WG15 Defect Report Ref: 9945-2-27
Topic: LC_COLLATE


This is an approved interpretation of 9945-2:1993.

.

Last update: 1997-05-20


								9945-2-27

	Class: The ambiguous situation

The standard is unclear on this issue, and as such no conformance
distinction can be made between alternative implementations based on this.
This is being referred to the Sponsors of the standard for clarifying 
wording in the next amendment.

 _____________________________________________________________________________

	Topic:			LC_COLLATE
	Relevant Sections:	2.5.2.2


Defect Report:
-----------------------

    (Section 2.5.2.2, LC_COLLATE, lines 1654-1658 in Draft 12)
    "User-defined ordering of collating elements.

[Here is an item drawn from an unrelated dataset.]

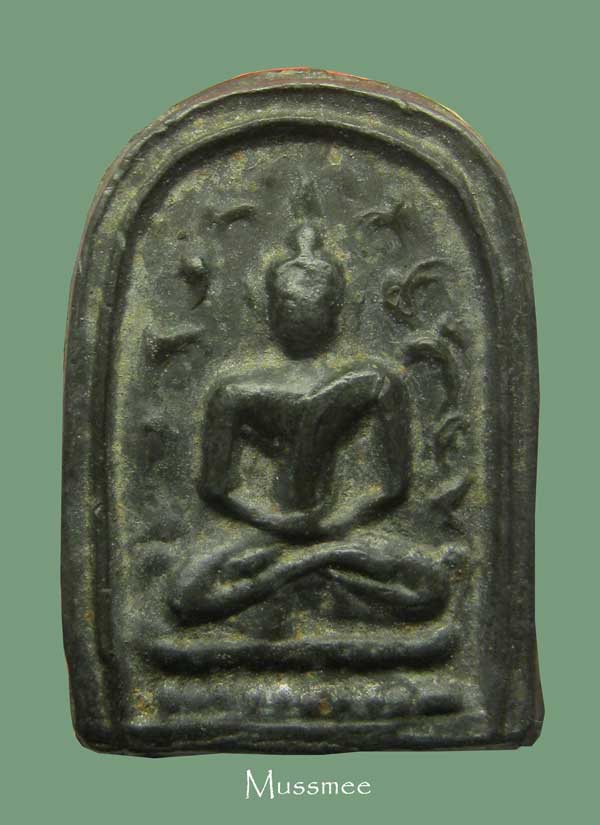 พระสังวราชุ่ม วัดพลับ พิมพ์ซุ้มกอสมาธิข้างกนก พระสวยยยยยยยยยยยยยยยยยย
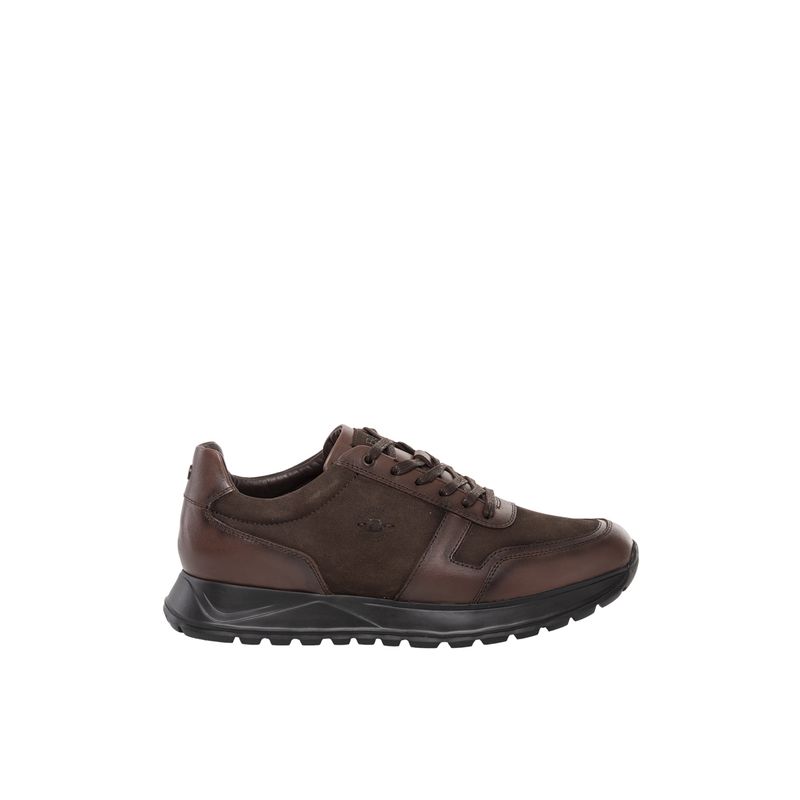 BOSI - Zapatos Casuales Para Hombre Brunne Cafe Bosi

Each collating
    element shall be assigned a collation value defining its order
    in the character (or basic) collation sequence. This ordering
    is used by regular expressions and pattern matching and, unless
    collation weights are explicitly specified, also as the collation
    weight to be used in sorting."

Given this passage, assume there are two similar LC_COLLATE fragments.
The fragments include lowercase letters only to simplify the examples.
Here is the first fragment:

<a	<a>;<a>;<a>
<a-grave<a>;<a-grave>;<a-grave>
<a-acute<a>;<a-acute>;<a-acute>
<b	<b>;<b>;<b>
<c	<c>;<c>;<c>
<d	<d>;<d>;<d>
. . .
<z	<z>;<z>;<z>
. . .

Here is the second fragment:

<a	<a>;<a>;<a>
<b	<b>;<b>;<b>
<c	<c>;<c>;<c>
<d	<d>;<d>;<d>
. . .
<z	<z>;<z>;<z>
<a-grave<a>;<a-grave>;<a-grave>
<a-acute<a>;<a-acute>;<a-acute>
. . .


Suppose a user wanted to find all words that begin with a letter
in the range a-c. At the XoJIG meeting, we agreed that a locale
built using the first fragment returns words that begin with <a>,
<a-grave>, <a-acute>, <b>, and <c>. However, there were varying
opinions about whether the second fragment would return the same
results, or would exclude <a-grave> and <a-acute>. So the question
is this:

Should an RE run against a locale built using the second fragment
include the accented a's in the range because they are defined as
being in the same equivalence class as <a>, or should it exclude
the accented a's because they are listed outside the range of a-c?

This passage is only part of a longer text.